Entertainment Weekly says; Bill tells Sookie that dying of Hep-V has made him feel more human than when he was human, and he wants to be reunited with his family. Staying with her, he’d be denying her children (has he not heard of sperm donors or adoption?), and he finally admits she’s not the only weak one: As long as he’s on the planet, he can’t not be with her either because he loves her too much. The twist is one you feel foolish for not seeing coming: Bill asks Sookie to use her one-time fairy light ball to kill him. By showing him the true death, she’d be setting them both free—she’d just be normal and vampires would no longer be lining up at her door.

In general things were tied up pretty neatly *yawn. * I’m glad Eric chose to live, Jessica and Hoyt celebrate ‘true love’ with marriage, Sam leaves town to be with his baby… Did I want something radical? Probably and at the least I wanted something unique. All these things are lovely but kind of unoriginal. Now things do not necessarily need to be original but a show that most often bends the rules should not suddenly conform to them.

Series finales are often polarizing says Entertainment Weekly, and True Blood’s will likely divide fans between those who are satisfied with a happy ending and those who want an hour of TV that leaves their hearts in their throats and their butts on the edge of their seats.
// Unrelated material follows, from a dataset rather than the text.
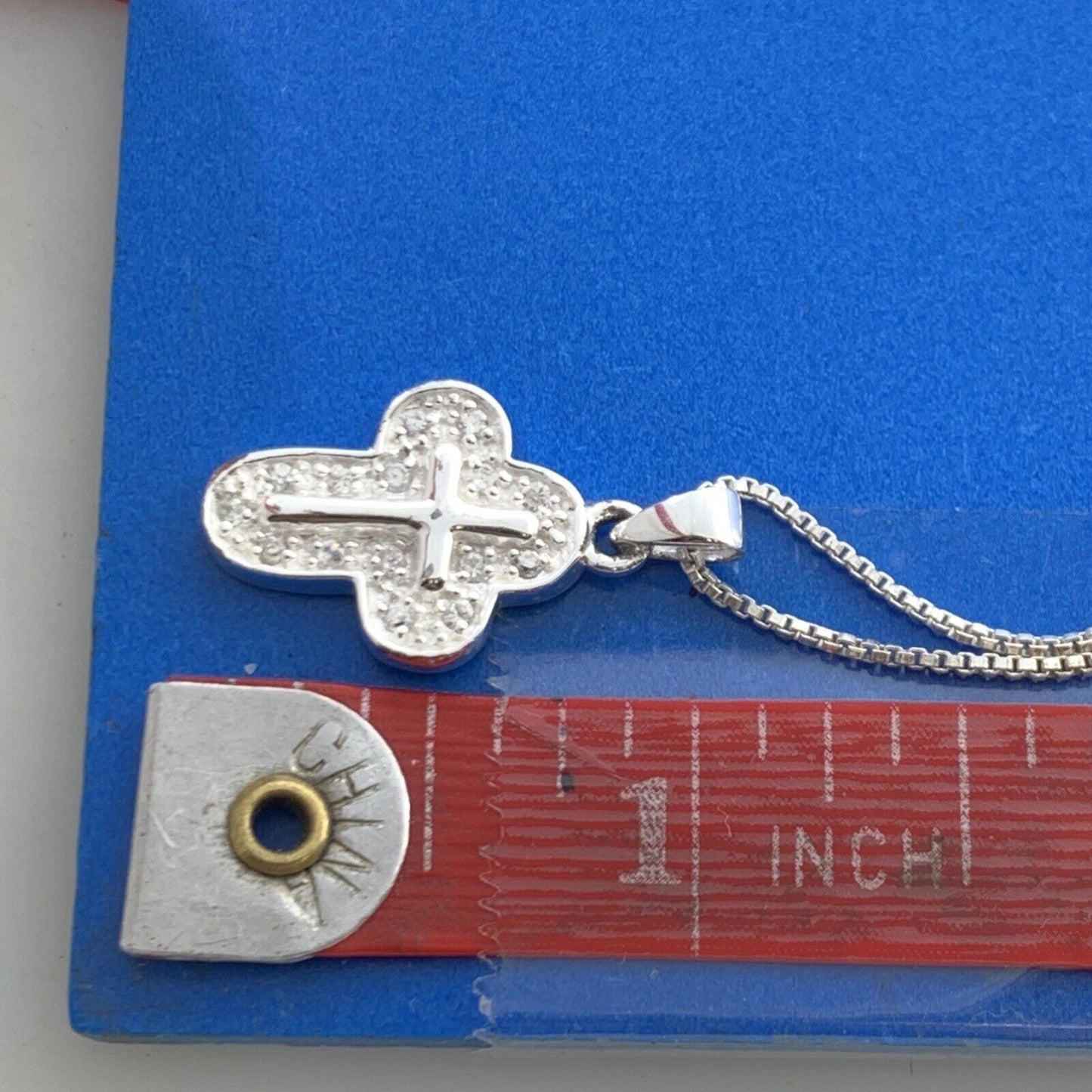 Designer CG 925 Sterling Silver Cubic Zirconia Cross Pendant Necklace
The final season has been about getting back to the characters and letting them have time to actually sit and talk to one another. That’s a lot of what they did this hour, for better or worse.

IGN reports on the ‘blah’ season: Some of the more bemusing elements of Season 7 came from the main roster deaths, where we saw extremely unceremonious exits for Alcide and Tara (who got splattered off-screen within the first few seconds of the premiere). Alcide’s death at the hands of the angry Bon Temps gathering was more or less done to illustrate the point that no one, not even Sookie, cared about him all that much. It was basically an unspoken truth that Sookie and Alcide (who’d never been given much more than “protective” in the character department) were a bore and that she was meant for someone else. Which was possibly meant to inform Bill’s decision to die later in the season, but all it did was demonstrate how unconscionably fickle Sookie was.

I wanted the end of the series to reflect the irreverent attitude it used to have. It metaphorically and literally dealt with racy and controversial issues. It was unique in that regard. I feel that the end was very conventional.